Zudem kann man neben den Timeboxen auch thematisch organisierte Tasklisten anlegen. Punkte aus diesen Listen überträgt man später in die Timeboxen und markiert sie in der Taskliste anschließend als erledigt.
Letztendlich ist jedem freigestellt, wie das Timeboxing im Studium oder der Abschlussarbeit verschriftlicht wird. Ob klassischer Terminkalender, Bullet-Journal oder Online-Kalender – entscheidend ist, dass man sich mit dem gewählten Medium wohlfühlt.
Was sonst noch zu beachten ist
Wie so oft steckt auch beim Timeboxing der Teufel im Detail. Damit die Methode erfolgreich angewendet werden kann, braucht es ein hohes Maß an Disziplin. Vor allem, wenn man gerade erst mit Timeboxing anfängt, ist die Versuchung groß, die Blöcke zu überziehen. Das ist unbedingt zu vermeiden!

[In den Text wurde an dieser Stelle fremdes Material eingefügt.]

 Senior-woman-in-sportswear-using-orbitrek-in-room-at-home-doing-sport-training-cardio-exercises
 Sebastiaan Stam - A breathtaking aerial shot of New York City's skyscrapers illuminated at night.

In solchen Fällen sollte man sich fragen, warum die Zeit nicht gereicht hat und als Lerneffekt in Zukunft weniger, dafür aber besser definierte Aufgaben in der Box unterzubringen. Das Ziel ist, wirklich realistische Zeiten für die Erledigung der To-dos zu ermitteln. Bis dies gelingt, sind als Ausgleich angemessene Pufferzeiten einzuplanen.
Um bei realistischer Selbsteinschätzung zu bleiben: Die Konzentrationsfähigkeit ist immer mehr oder weniger stark begrenzt. Hier liegt ein weiterer Grund, die Zeitdauer der Timeboxen individuell zu gestalten und Pausen ebenfalls fest einzuplanen. Man sollte sich niemals gehetzt oder gar überfordert fühlen, weil die Zeit zu knapp bemessen ist! Wer grundlegende Probleme mit seiner oder ihrer Konzentrationsfähigkeit hat, sollte mit kurzen Zeitfenstern wie der Pomodoro-Methode experimentieren.

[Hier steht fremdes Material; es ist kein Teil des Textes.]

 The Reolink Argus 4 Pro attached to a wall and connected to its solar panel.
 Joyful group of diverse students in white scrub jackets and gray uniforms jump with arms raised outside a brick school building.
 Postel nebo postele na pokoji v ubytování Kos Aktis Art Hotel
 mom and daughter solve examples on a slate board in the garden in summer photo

Was die inhaltliche Organisation angeht, bietet sich das sogenannte Batching an. Das Konzept sorgt für mehr Effizienz, indem ähnliche Aufgaben zusammengefasst werden. Dieses stapelweise Erledigen von Aufgaben wird in vielen Fällen ganz automatisch gemacht. Trotzdem sollte man sich das Konzept bewusst machen und es konsequent in Verbindung mit Timeboxing zum Einsatz zu bringen.
Fazit und Kritik
Timeboxing im Studium erfindet das Rad guter Planung und Selbstorganisation sicher nicht neu. Studierende bekommen vom ersten Semester an immer wieder die gleichen Predigten zu den Themenkomplexen wissenschaftlichen Arbeitens und der Planung ihres Studiums zu hören.
Timeboxing stellt trotzdem für alle Deadline-Geplagten einen interessanten Ansatz dar. Besonders wer durch unzulängliche Planung immer wieder unter Zeitdruck gerät wird durch diese Methode dazu gezwungen, alle zu erledigenden Aufgaben unter dem Brennglas ausreichender aber eben nicht unbegrenzter zeitlicher Ressourcen zu sehen.

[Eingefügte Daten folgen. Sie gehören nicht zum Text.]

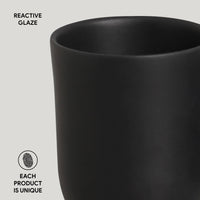 Black ceramic cup with 'Reactive Glaze' text and 'Each product is unique' label on a light gray background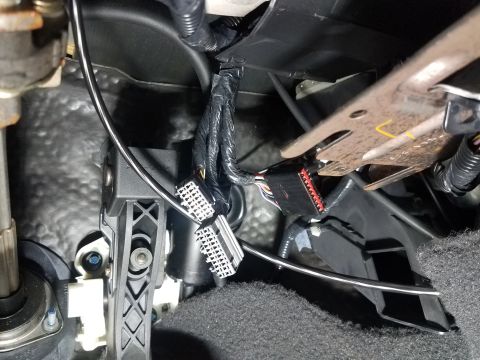 2003 Mercury Marauder - Close-up view of a vehicle's interior wiring harness and connectors.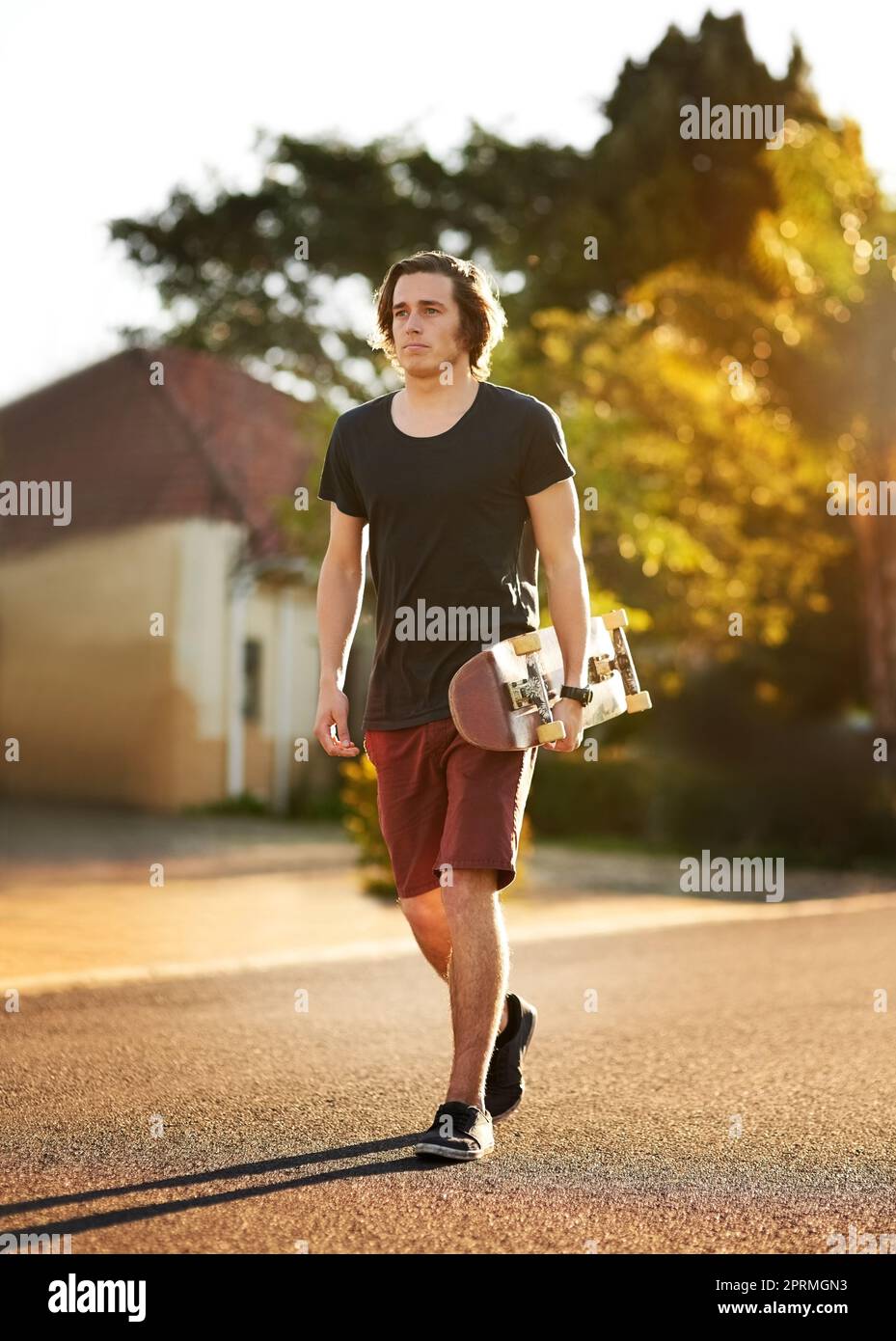 Heading off to the skatepark. a young man walking with is skateboard in hand outside. Stock Photo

Wer immer wieder den Flaschenhals knapper Zeit aus den Augen verliert und dann umso mehr mit furchteinflößender Zeitknappheit vor dem plötzlich anstehenden Abgabetermin konfrontiert ist, sollte Timeboxing eine Chance geben.
Allerdings hat die Methode auch ihre Grenzen und ist definitiv kein Allheilmittel. Nicht jede Arbeit, vor allem wenn andere Menschen beteiligt sind, lässt sich in eine Timebox packen. Auch ist sie vermutlich für Kreative weniger gut geeignet, die unter zu starren zeitlichen Vorgaben schlechter arbeiten. Ganz klar: Wer keine Zeitprobleme beim akademischen Schreiben kennt, hat auch keinen Anlass für die strikte Taktung des Timeboxings.